### DATASET RECORDS
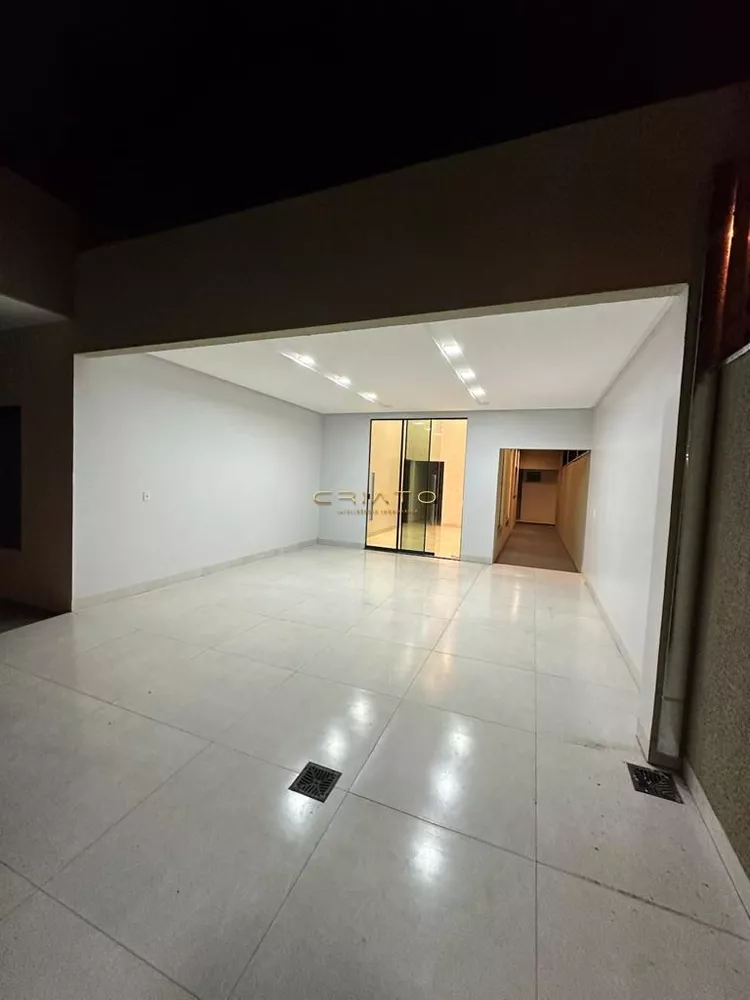 Casa à venda com 3 quartos, 136m² - Foto 1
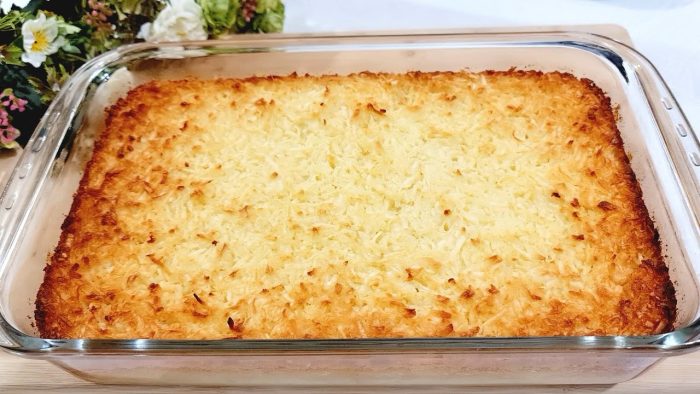SIMPLES, FÁCIL, DELICIOSO E SEM GLÚTEN! BOLO DE AIPIM COM COCO!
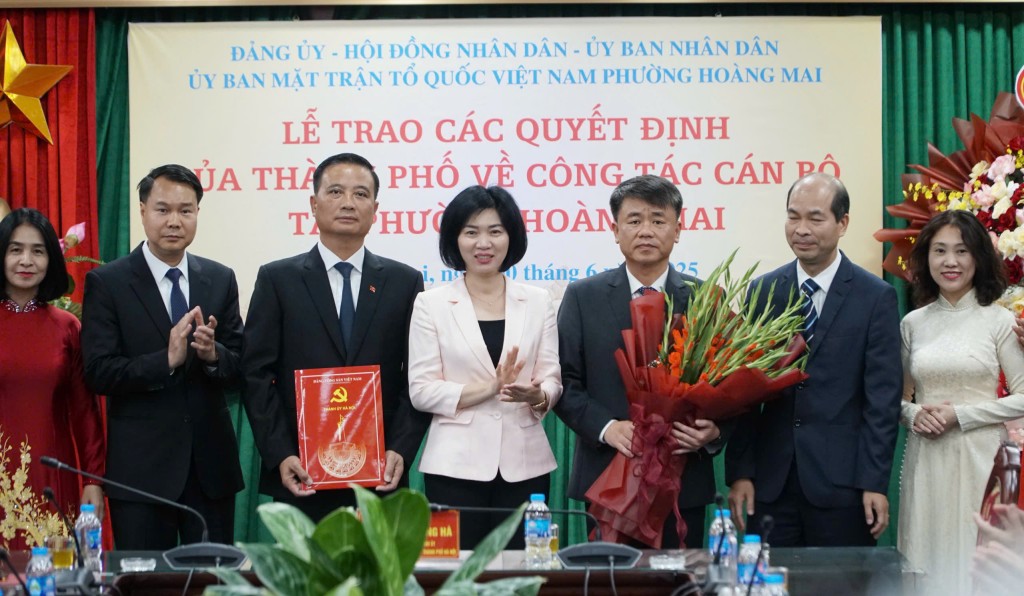 Lãnh đạo HĐND TP.Hà Nội trao quyết định nhân sự tại phường Hoàng Mai
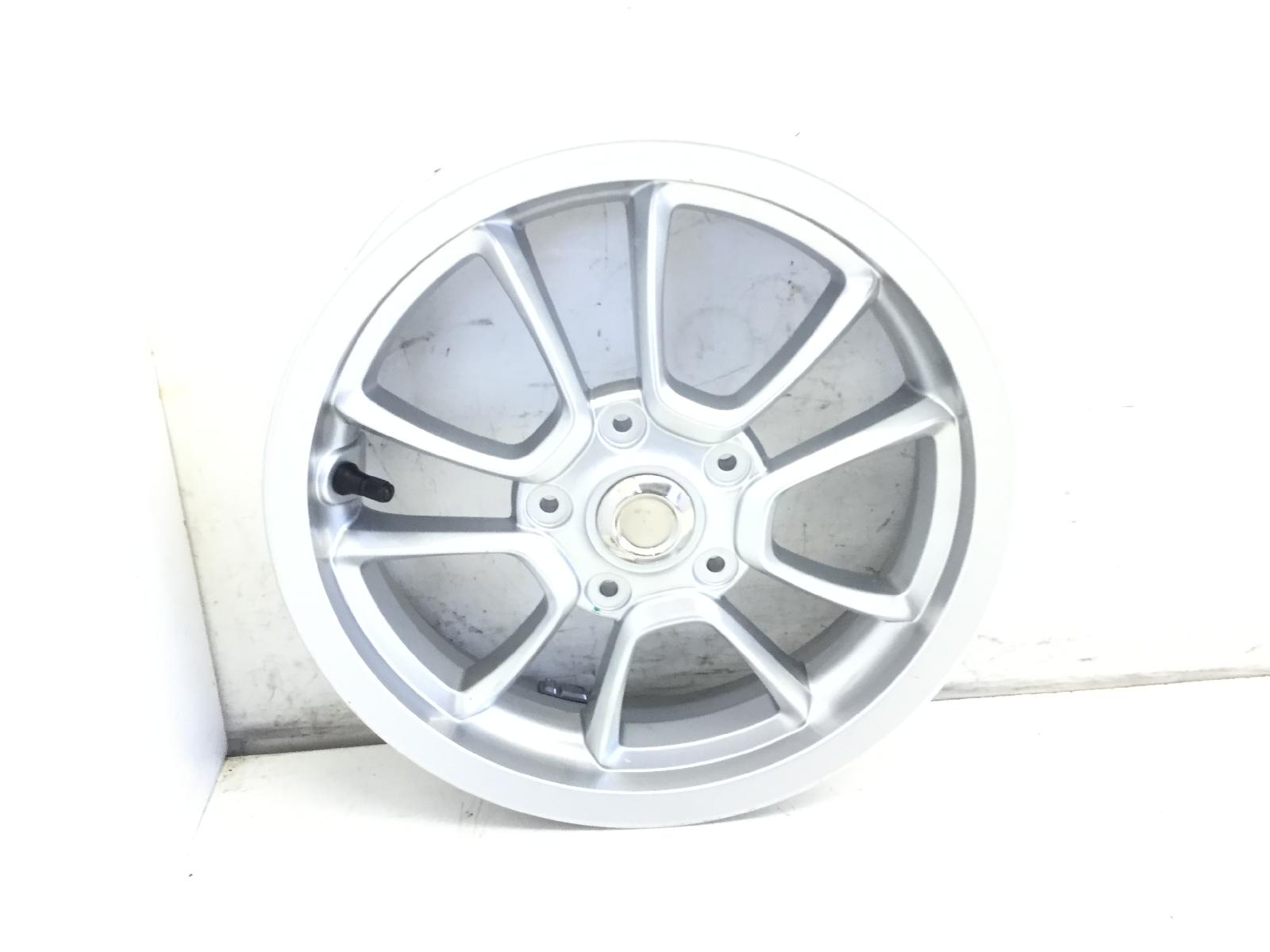 Piaggio vespa primavera e5 50 cerchio ruota anteriore 12 x 3.00 2020 2023 cd0100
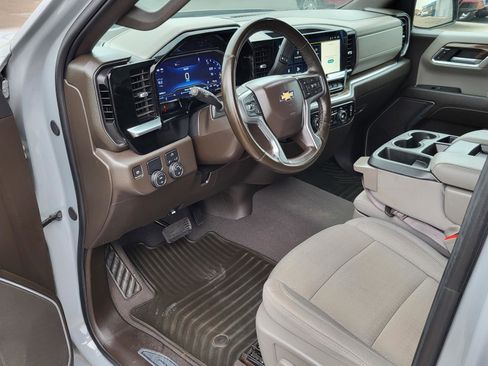 Used 2024 Chevrolet Silverado 1500 LT RWD image 15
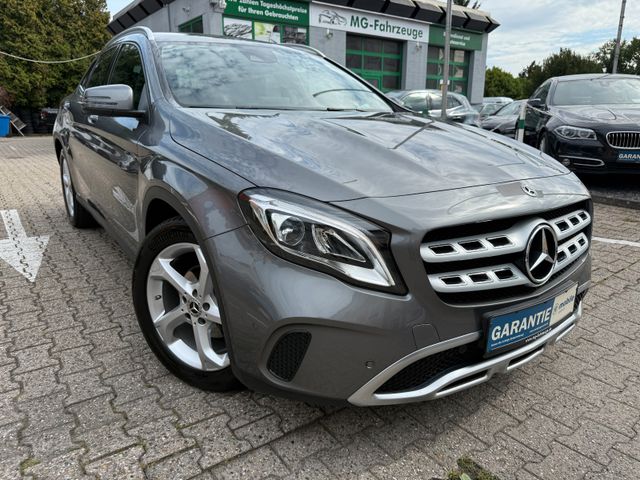 Mercedes-Benz GLA 200 URBAN AUTOMATIK NAVI LED KAMERA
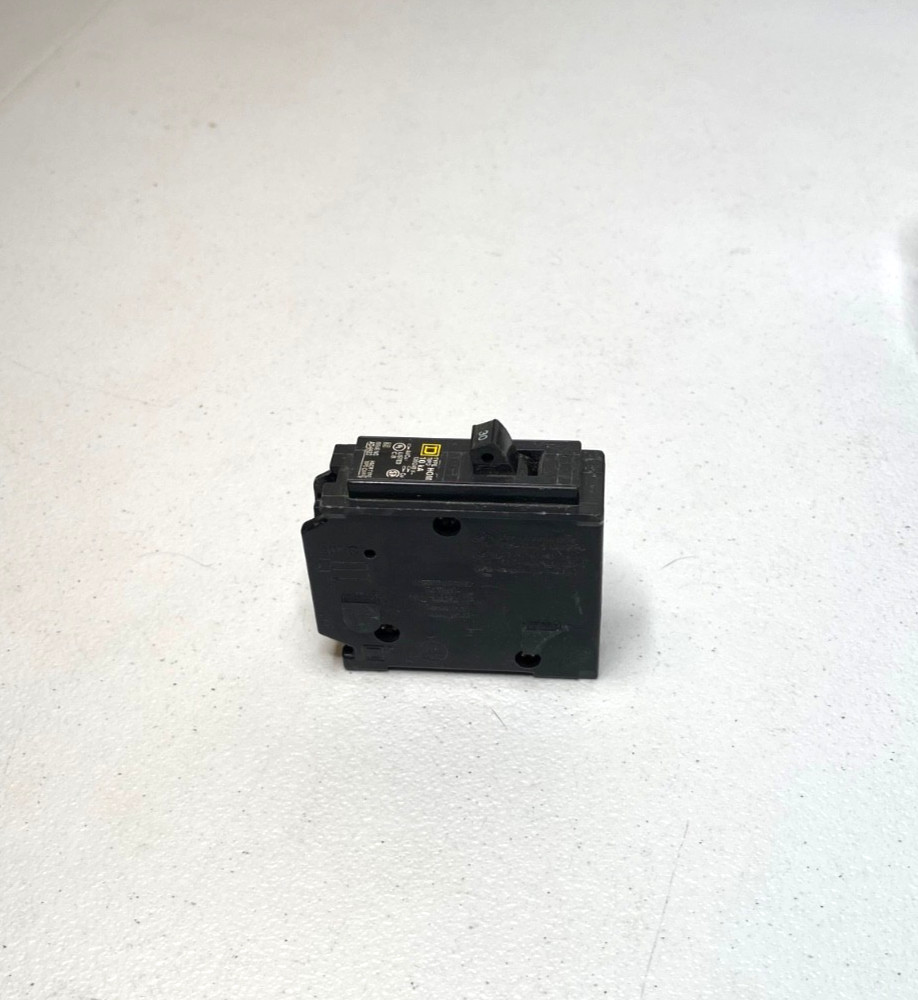 Square D HOM130 30A 1 Pole Circuit Breaker Lot of 10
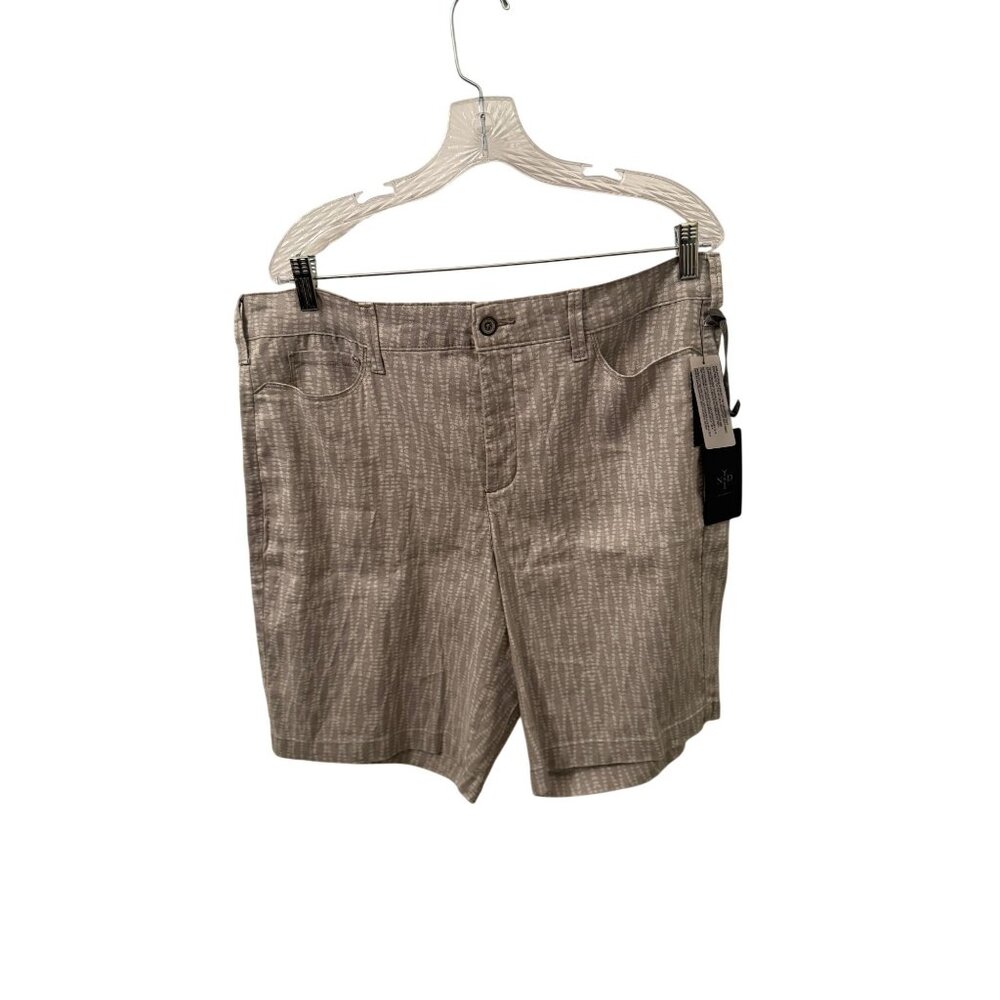 NWT NYDJ women's tan/white shorts size 16P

### YOUR INSTRUCTIONS
Everything from the line containing "Mercedes-Benz GLA 200" to the last line of the records above should be reproduced exactly, except the pictures.

### ANSWER FOR THE TASK
 Mercedes-Benz GLA 200 URBAN AUTOMATIK NAVI LED KAMERA
 Square D HOM130 30A 1 Pole Circuit Breaker Lot of 10
 NWT NYDJ women's tan/white shorts size 16P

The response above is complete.